L'enfant sortit de l'immobilité stupide où le plongeaient la flamme de la lampe et le regard du vieux. Il se mit à crier. Peut-être sentait-il dans les yeux de sa mère une caresse qui l'engageait à se plaindre. Elle lui tendit les bras, et dit:
--Donnez-le-moi.
Le vieux commença par faire des théories, selon son habitude:
--On ne doit pas céder aux enfants, quand ils pleurent. Il faut les laisser crier.
Mais il vint, prit le petit, et grogna:
--Je n'en ai jamais vu d'aussi laid.
Louisa saisit l'enfant de ses mains fiévreuses et le cacha contre son sein. Elle le contempla avec un sourire confus et ravi:
--Oh! mon pauvre petit, dit-elle toute honteuse, que tu es laid, que tues laid, comme je t'aime!
Jean-Michel retourna près du feu: il se mit à tisonner d'un air grognon; mais un sourire démentait la solennité maussade de son visage.

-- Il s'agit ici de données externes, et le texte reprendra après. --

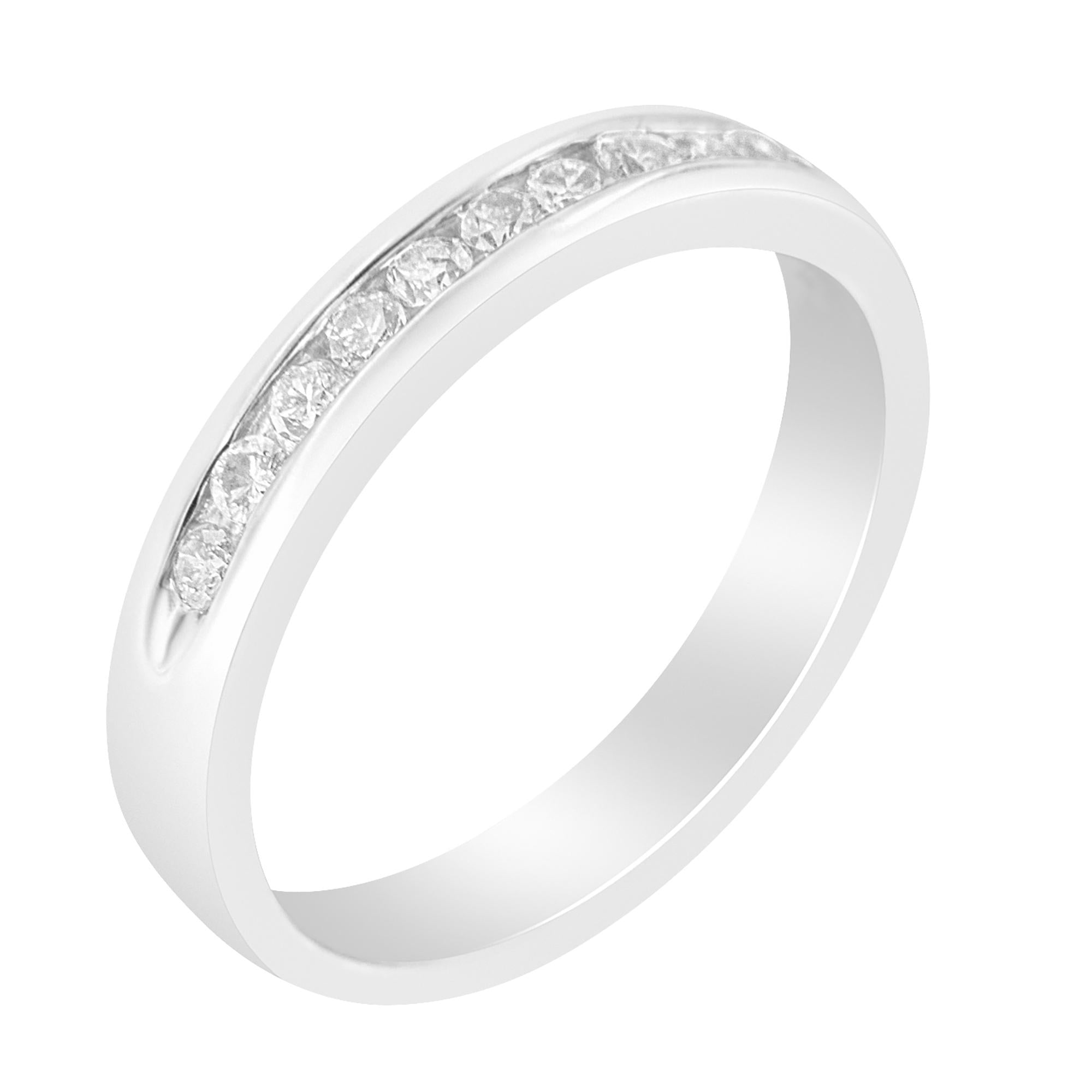 18K White Gold 1/4 Cttw Channel Set Brilliant Round-Cut Diamond Classic 11 Stone Wedding Band Ring (E-F Color, I1-I2 Clarity) - Friggin Jewelry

--Bonne fille, dit-il. Va, ne te tourmente pas, il a le temps de changer. Et puis, qu'est-ce que cela fait? On ne lui demande qu'une chose, c'est de devenir un brave homme.
L'enfant s'était apaisé au contact du tiède corps maternel. On l'entendait téter avec un halètement goulu. Jean-Michel se renversa légèrement dans sa chaise, et répéta avec emphase:
--Il n'y a rien de plus beau qu'un honnête homme.
Il se tut un instant, méditant s'il ne conviendrait pas de développer cette pensée; mais il ne trouva rien de plus à dire; et, après un silence, il reprit d'un ton irrité:
--Comment se fait-il que ton mari ne soit pas ici?
--Je crois qu'il est au théâtre, dit timidement Louisa. Il a répétition.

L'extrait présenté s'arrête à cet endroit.